Yes I absolutely agree, I guess it's a bad habit of mine. The main reason as to why I do it is because I can get to each better looking photo faster when scrolling. I'll work with a new method though next time 

I don't even fuss with white cards, it takes longer than using magic lanterns WB settings and so far for me it's been 95% accurate in the scenes I've been in and is a life saver! I shot these in RAW and toyed with the WB a tad because the flash ruined lots of the colors.

I'll google the diffuser stuff, go off of pictures, and experiment. Thanks!


----------



## TheFantasticG (Oct 20, 2012)

Nice. All the same angle. Would like to see some variation. I know a eating mantis will remain relatively in the same position while feeding. As long as you move slow and don't make abrupt sudden movements getting a different angle shouldn't be a problem.


----------



## swiftparkour94 (Oct 20, 2012)

TheFantasticG said:
			
		

> Nice. All the same angle. Would like to see some variation. I know a eating mantis will remain relatively in the same position while feeding. As long as you move slow and don't make abrupt sudden movements getting a different angle shouldn't be a problem.

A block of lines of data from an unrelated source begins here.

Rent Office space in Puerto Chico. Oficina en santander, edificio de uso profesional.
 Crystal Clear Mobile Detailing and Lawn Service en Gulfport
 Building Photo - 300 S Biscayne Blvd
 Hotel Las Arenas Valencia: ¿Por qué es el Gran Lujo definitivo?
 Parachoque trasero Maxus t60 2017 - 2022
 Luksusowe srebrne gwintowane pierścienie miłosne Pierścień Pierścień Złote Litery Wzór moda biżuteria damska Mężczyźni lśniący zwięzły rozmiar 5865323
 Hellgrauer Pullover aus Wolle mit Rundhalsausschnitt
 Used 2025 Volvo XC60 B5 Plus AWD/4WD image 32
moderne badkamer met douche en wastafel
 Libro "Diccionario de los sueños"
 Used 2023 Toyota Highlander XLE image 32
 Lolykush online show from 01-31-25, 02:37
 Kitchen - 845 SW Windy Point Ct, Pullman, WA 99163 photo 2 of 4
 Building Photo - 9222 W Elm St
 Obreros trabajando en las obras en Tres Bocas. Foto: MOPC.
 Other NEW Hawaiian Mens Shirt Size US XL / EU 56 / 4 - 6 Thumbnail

I tried other angles which were the slightest, the way the branches and leaves draped I only had access to one side. The ones I took from another side I deleted because it's face wasn't in view, just the top of it's head. I was in a really weird angle sitting in dirt looking up and slanted to the right, it killed my neck


----------



## pixmedic (Oct 20, 2012)

they do make popup flash diffusers, but not sure about the snoot. 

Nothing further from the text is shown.